Quem é (são) o(s) culpado(s) pela existência do Festivalando, pela sua peregrinação bianual ao Rock in Rio e pelo seu sonho de ir no Wacken? Quem foi que começou essa história de juntar um monte de gente para acompanhar uma sequência de apresentações musicais por dias e horas, e ainda conseguiu fazer disso uma atividade atraente pra uns, rentável pra outros e um hábito difundido nos cinco continentes? Hoje, no Globo Repórter, no Festivalando, você vai conhecer a história dos festivais de música.

São muitos os responsáveis por essa história e eles começaram o trabalho bem antes do primeiro hippie atolar o pé na lama de Woodstock.

Filosofia, geometria, olimpíadas e festivais: a culpa é dos gregos!

Bem antes não. Beeeeeeeeem antes. Junto com a filosofia, a geometria e as Olimpíadas, a Grécia Antiga também deixou como legado para as civilizações posteriores um embrião dos festivais de música. Seis séculos antes do início da era cristã, os gregos começaram a realizar a cada quatro anos os Jogos Píticos, em honra a Apolo. As festividades consistiam em grandes apresentações esportivas, teatrais e musicais (cítara e flauta) de caráter competitivo. Aconteciam em ciclos de quatro anos, em sucessão à realização anual de outros três eventos: os Jogos Olímpicos, Nemeus e Ístmicos. Juntos, esses quatro ~festivais~ da era antiga formavam os chamados jogos helênicos.

Há registros também de apresentações musicais em festivais no Egito Antigo, cerca de quatro mil anos antes da era Cristã, mas a música em nenhum momento ocupava o centro das atividades desses festivais, cuja finalidade maior era celebrar divindades.

Dom Pedro II vai festivalar na Europa

Na Idade Média os festivais de música ganharam vida própria, sem estarem atrelados às competições esportivas como no tempo dos gregos, mas eles ainda manteriam o aspecto competitivo. Foi só após a Revolução Francesa, quando compositores passaram a gozar de prestígio artístico de forma cada vez mais consolidada que o mundo viu surgir o primeiro festival em que a música era apresentada com a finalidade de entretenimento, para ser apreciada.

A ideia veio de um alemão: Richard Wagner, aquele da ópera “A Valquíria” (certamente você conhece a abertura do terceiro ato da ópera graças à trilha sonora de “Apocalypse Now”). Em 1876 ele criou o Bayreuth Festival, realizado na cidade alemã homônima, com a única finalidade de apresentar suas composições.

Até Dom Pedro II baixou daqui do Brasil para a Alemanha só para curtir um concerto de Wagner na primeira edição do festival. Veja só você: no século XIX já tinha gente viajando para ver festival!
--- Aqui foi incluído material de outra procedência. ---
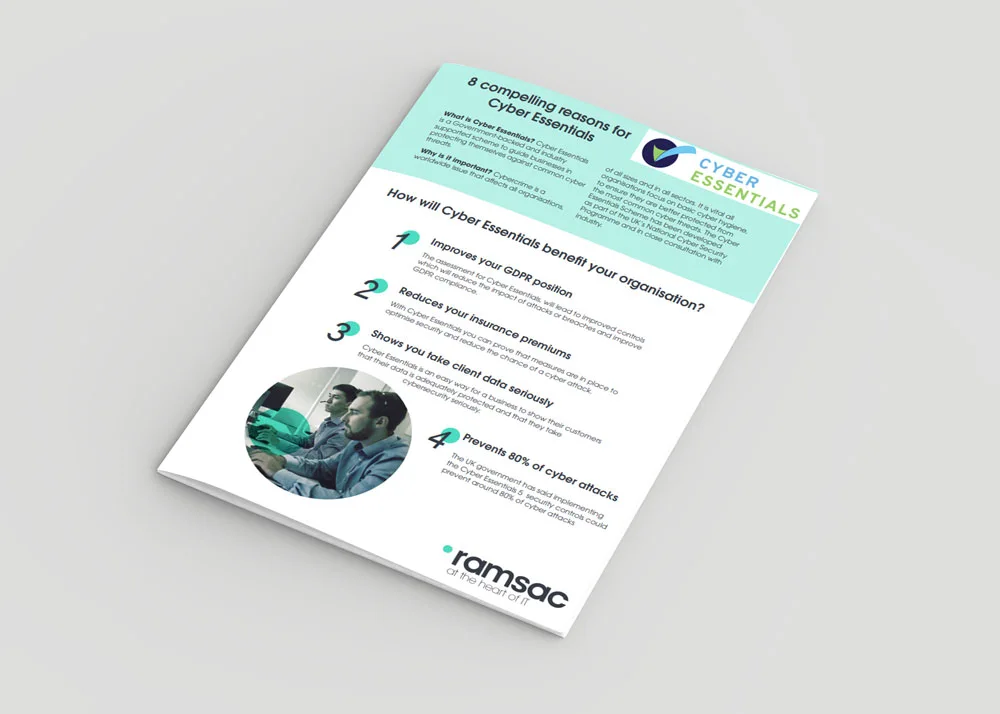 8 reasons for cyber essentials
A propósito, será que Pedrinho toparia escrever um relato para a seção Leitor@ Festivaleir@? Quem conhecer um médium favor indicá-lo para o Festivalando, assim o contato com nosso imperador fica facilitado.
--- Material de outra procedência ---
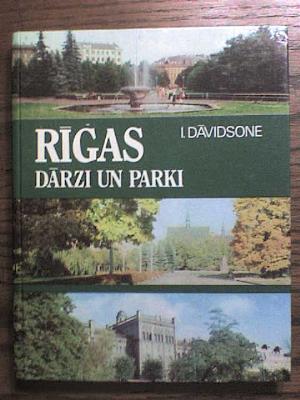 Rīgas dārzi un parki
Wagner enfrentou problemas financeiros para levar o festival adiante, mas no fim venceu. O Bayreuth Festival é realizado até hoje e, mais que isso, é concorridíssimo. Se você acha que o Glastonbury, na Inglaterra, é um festival de alta demanda porque tem 135 mil ingressos esgotados em 20 minutos, saiba que em Bayreuth, anualmente, há uma demanda de meio milhão (sim, 500 mil!) de ingressos para apenas 58 mil entradas disponíveis. Normalmente, entra-se em uma fila de espera de dez anos para se conseguir um humilde ingresso.
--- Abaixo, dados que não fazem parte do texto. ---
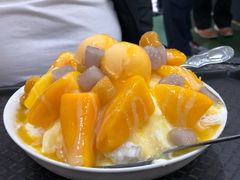 芒果牛奶冰-高雄婆婆冰(创始店)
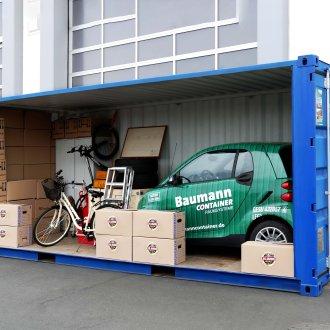 20´ Lagercontainer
história dos festivais de música
Cartaz com regentes e músicos do Bayreuth Festival de 1894

Jazz: artistas lendários, eventos pioneiros

Chega o século XX e a música popular começa a se tornar um fenômeno de massa (graças ao desenvolvimento das tecnologias de gravação e reprodução de áudio, de uma indústria de música e dos meios de comunicação de massa, a princípio o rádio). É aí que os festivais começam a ganhar o formato mais próximo do que conhecemos hoje: uma programação esquemática com diferentes artistas apresentando sua arte para milhares de pessoas reunidas.

Antes que o rebolado de Elvis colocasse o rock no centro da produção musical das décadas que se seguiriam, o jazz tomou para si o pioneirismo dos festivais da era da música popular e da indústria fonográfica. Em 1954, nasceu o Newport Jazz Festival, em Newport, Rhode Island, nos Estados Unidos. Já em suas primeiras edições trazia um lineup dos sonhos: Billie Holiday, Ella Fitzgerald, Miles Davis, Duke Ellington, John Coltrane.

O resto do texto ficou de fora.